Everybody knows about the singing "girl groups -- the Shirelles, Supremes, et al.--but what about the "woman dances" that spring up unfailingly with each passing season?

"Woman dances" are those pieces of choreography created by women for a group of women--usually for four to eight. There is frequently an aura of awe, innocence or rapture about these dances, long stretches of gazing and smiling, and a good deal of gentle partnering of a non-sexual nature. These nymphs, goddesses or waifs savor flowing, curving gestures, and often are found reaching skyward or pressing their cheeks against the ground.

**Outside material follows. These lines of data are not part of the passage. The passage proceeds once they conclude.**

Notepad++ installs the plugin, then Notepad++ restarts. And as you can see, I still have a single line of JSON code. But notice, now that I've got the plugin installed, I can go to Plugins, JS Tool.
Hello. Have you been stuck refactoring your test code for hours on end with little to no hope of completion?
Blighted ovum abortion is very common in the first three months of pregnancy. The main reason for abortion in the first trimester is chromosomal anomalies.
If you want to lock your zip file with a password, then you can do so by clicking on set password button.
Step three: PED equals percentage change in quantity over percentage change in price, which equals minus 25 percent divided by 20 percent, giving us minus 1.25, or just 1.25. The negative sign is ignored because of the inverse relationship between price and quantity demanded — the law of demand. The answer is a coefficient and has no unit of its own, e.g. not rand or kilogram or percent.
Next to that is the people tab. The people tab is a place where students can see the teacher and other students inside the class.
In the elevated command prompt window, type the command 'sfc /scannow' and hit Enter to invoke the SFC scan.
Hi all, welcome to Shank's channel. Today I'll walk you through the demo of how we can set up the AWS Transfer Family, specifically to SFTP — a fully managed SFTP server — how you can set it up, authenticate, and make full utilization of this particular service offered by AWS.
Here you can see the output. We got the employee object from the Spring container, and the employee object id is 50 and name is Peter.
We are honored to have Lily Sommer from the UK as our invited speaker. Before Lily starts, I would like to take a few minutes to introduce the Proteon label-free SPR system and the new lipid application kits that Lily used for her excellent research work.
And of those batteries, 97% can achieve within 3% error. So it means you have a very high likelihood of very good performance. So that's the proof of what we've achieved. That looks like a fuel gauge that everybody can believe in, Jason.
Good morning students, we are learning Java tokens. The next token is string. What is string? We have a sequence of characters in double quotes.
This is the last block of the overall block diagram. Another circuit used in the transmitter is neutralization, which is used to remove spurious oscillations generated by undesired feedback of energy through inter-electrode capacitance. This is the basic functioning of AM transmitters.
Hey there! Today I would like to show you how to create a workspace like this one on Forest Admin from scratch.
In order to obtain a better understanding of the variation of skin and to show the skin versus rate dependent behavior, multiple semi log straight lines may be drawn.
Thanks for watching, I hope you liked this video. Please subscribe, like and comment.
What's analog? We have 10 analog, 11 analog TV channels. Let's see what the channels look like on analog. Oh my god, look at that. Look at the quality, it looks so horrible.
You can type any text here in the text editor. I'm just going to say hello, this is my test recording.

Last night at the YWCA Penney Auditorium, Dianne Hunt's contribution to this genre, "Light in Autumn," had its premiere.

Set to the repetitive, melancholy jazz piano of George Winston, this three-part dance unfurled slowly and reverently. Five women--Nancy Havlik, Caroline Reece, Patricia Rowland, Gail Minor Smith, Vicki Warren--dressed in autumn-hued tops and pants, wafted and leaped, came together and dispersed, moved in unison and then as individuals. These weavings were skillful and sometimes even stirring, but they went on far too long and without much direction.

Quite the opposite occurred during the premiere performance of Nancy Havlik's "Everything's Matter." Her dancers assume the roles of solid, liquid and gas, and carry the notion off in a quick and witty manner. Accompanied by three of Dave Brubeck's rhythmically infectious tunes, these "properties" burble, slide and slither about the space, on top of and under a table and around one another.

Rounding out the evening were Hunt's lyrical duet "Close," and her "Be More--Ascend!" in which goofy gestures and a soundtrack of classified ads collide to droll effect.

The program is to be repeated tonight at 8.